Born in 1930, Maxwell-Roddey became one of Charlotte’s first Black women principals of a white elementary school; she was the founding director of the University of North Carolina at Charlotte’s Africana Studies Department; and she cofounded the Afro-American Cultural and Service Center, now the Harvey B. Gantt Center for African-American Art + Culture. Maxwell-Roddey founded the National Council for Black Studies, helping institutionalize the field with what is still its premier professional organization, and served as the 20th National President of Delta Sigma Theta Sorority, Inc., one of the most influential Black women’s organizations in the United States.
Using oral histories and primary sources that include private records from numerous Black women’s home archives, Ramsey illuminates the intersectional leadership strategies used by Maxwell-Roddey and other modern race women to dismantle discriminatory barriers in the classroom and the boardroom. Bertha Maxwell-Roddey offers new insights into desegregation, urban renewal, and the rise of the Black middle class through the lens of a powerful leader’s life story.
Publication of this work made possible by a Sustaining the Humanities through the American Rescue Plan grant from the National Endowment for the Humanities.

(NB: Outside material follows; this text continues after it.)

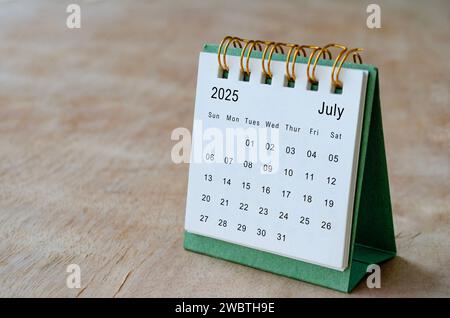 Luglio 2025 tavolo con calendario su scrivania in legno con spazio personalizzabile per il testo. Informazioni su spazio di copia e calendario. Foto Stock
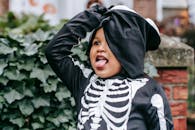 Ethnic child in skeleton costume with mask trick or treating for Halloween and grimacing on street near green bushes in day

“An excellent biography reflective of the great contributions of Maxwell-Roddey to K–12 Black education, higher education, and African American studies. A beautifully written tribute to one of the most consequential Black educators of our time. Well balanced in historical execution and tone, this book will stand the test of time.”—Derrick P. Alridge, coeditor of The Black Intellectual Tradition: African American Thought in the Twentieth Century
“Provides an in-depth view of the role of a race woman during the post–civil rights era. Maxwell-Roddey’s presence in academic, local, and civil circles produced dividends that are being reaped by a community that is still unaware of her influence.”—Reginald K. Ellis, author of Between Washington and Du Bois: The Racial Politics of James Edward Shepard
Sonya Y. Ramsey is associate professor of history and women’s and gender studies and the director of the Women’s and Gender Studies Program at the University of North Carolina at Charlotte. She is the author of Reading, Writing, and Segregation: A Century of Black Women Teachers in Nashville.